3.3. The Revelation of the Abyss-Purgatory.

The proclamation of Jesus’ Descent into Abyss and Resurrection from it has been the primary task of the Church from the beginning (cf. Acts 2:25-32; 3:14 n; 4:10; 8:35; 13:33; 17:3.31; 23:6).

St. John relayed in his Gospel that Jesus’ death – and thus, related to it, His Descent into Abyss – is a judgment on the “ruler of this world” (cf. Jn 12:31-33) and the victorious struggle of Jesus as the Lord, King, against another ruler – the devil. Jesus came to earth to destroy the works of the devil (cf. 1Jn 3:8).

In the First Epistle of St. Peter, Apostle taught the faithful: “Christ also died for sins once for all, the just for the unjust, so that He might bring us to God, having been put to death in the flesh, but made alive in the spirit, in which also He went and made proclamation to the spirits in prison, who once were disobedient” (1Pet 3:18-20). The Apostle then explains (1Pet 4:6):

εἰς τοῦτο γὰρ καὶ νεκροῖς εὐηγγελίσθη, ἵνα κριθῶσι μὲν κατὰ ἀνθρώπους σαρκὶ ζῶσι δὲ κατὰ θεὸν πνεύματι.

For it is why the good news was preached even to the dead so that they might be judged as men in the flesh but live according to God in the spirit.

Looking for the best understanding of the verb in the passive form, thus as the theological passive, εὐηγγελίσθηto evangelize – one can find out that it means ‘to proclaim the good news of a victory won by a ruler over another ruler in battle’ (cf. 1Sam 31:9; 2Sam 1:20; 4:10; 8:19-20.26.31; 1Chr 10:9; also in a slightly different context: Psa 68:12; 96:2; Joel 3:5; Nah 2:1; Isa 40:9; 52:7; 60:6; 61:1). Thus the meaning of the statement should be so rendered:

For it is why good news about His victory over Satan, being Abyss’s ruler until now, was proclaimed by Jesus Christ even to the dead, so that they might be judged as men in the flesh but live according to God in spirit.

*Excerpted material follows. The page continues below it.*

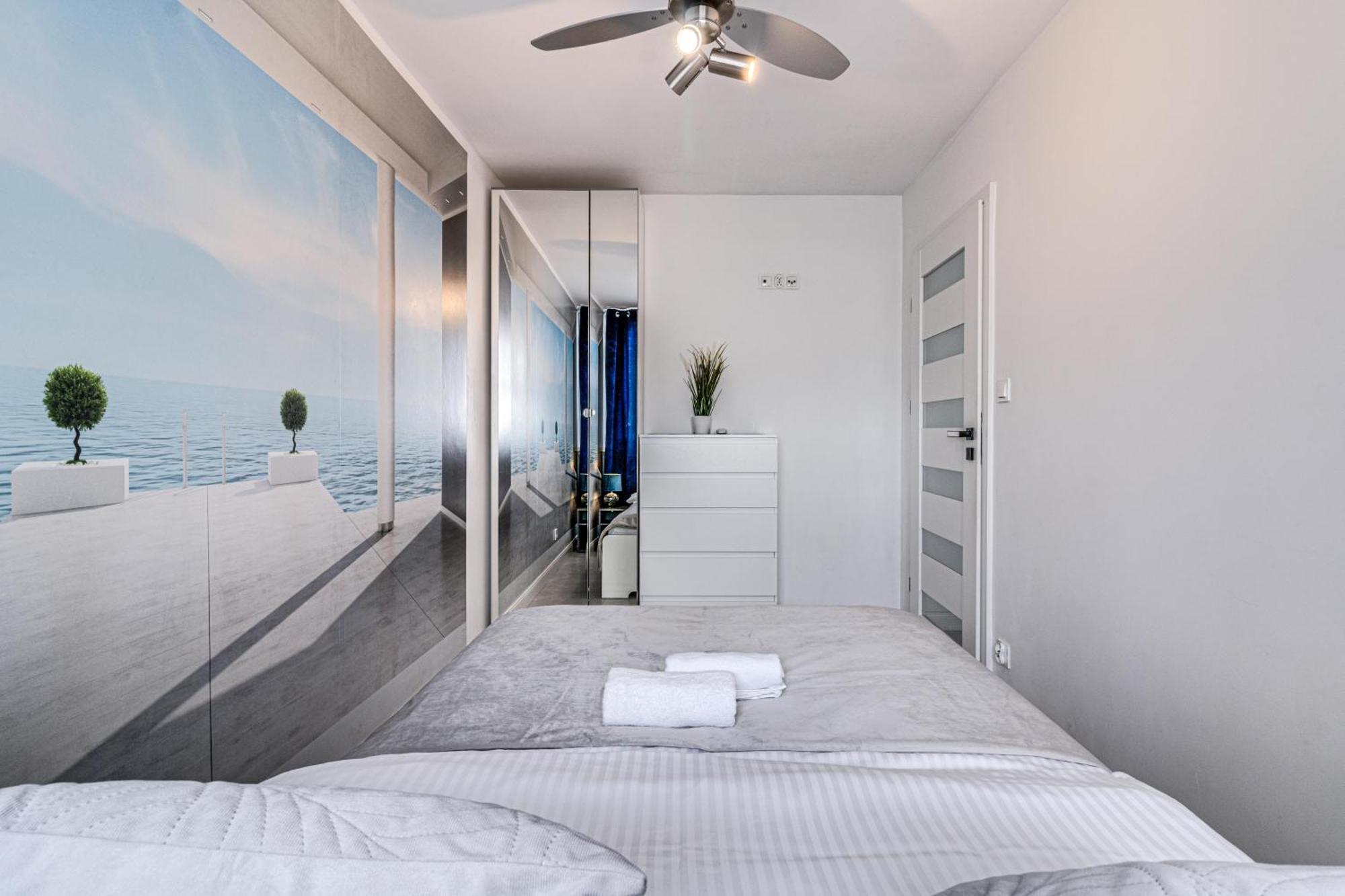 ヴロツワフRentplanet - Apartament Popowickaアパートメント エクステリア 写真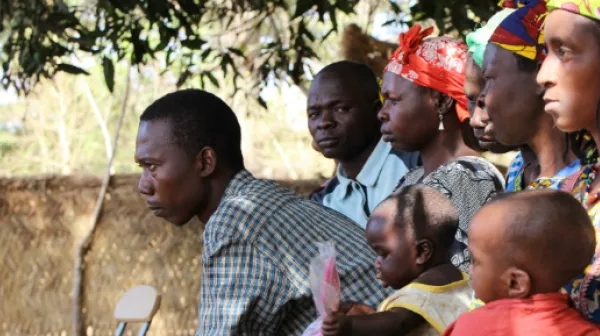 Ärzte ohne Grenzen hat ein Gesundheitszentrum in Bitoye aufgebaut, um die Menschen medizinisch zu versorgen.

Therefore, Jesus Christ proclaimed salvation from submission to Satan to those of the dead, who were being punished [25] for disobedience, imprisoned in the Abyss-Purgatory – in prison under Satan’s rule. It does not concern the dead being in the Abyss-Gehenna because they cannot be saved from eternal condemnation, according to the Revelation already given to Israel (cf. Dan 12:1-2). Christ’s descent into the Abyss is a triumphal procession, held among countless multitudes of the dead, who in thanksgiving and praise received the expected blessing of salvation [26].

4. Individual Judgment After Death versus the Final Judgment.

For further analysis, it is necessary to discuss the judgment that God holds over each man immediately after his death. St. John in Revelation states that he saw that there were already in heaven the souls of the martyrs who cried out to God to avenge their blood, and who in response received the following decision and instruction (Rev 6:11):

And there was given (ἐδόθη) to each of them a white robe; and they were told (ἐρρέθη) that they should rest for a little while longer, until the number of their fellow servants and their brethren who were to be killed even as they had been, would be completed also.

The words highlighted in the text are passive grammatical forms, i.e., the theological passive. It is God Himself who gives these dead – as their judge – a white garment, that is, introduces them to participate in His own life and that of other inhabitants of Heaven. It takes place certainly while simultaneously temporal life lasts yet because God says that other inhabitants of the earth are still to give their lives as they had given – as a testimony of fidelity to Him. Thus, it is true that everyone who dies is judged by God immediately after one’s death and is either allowed or not to participate in the first resurrection, that is, in the exit from Abyss-Paradise to Heaven. One will provide in the next section a detailed discussion of the first resurrection.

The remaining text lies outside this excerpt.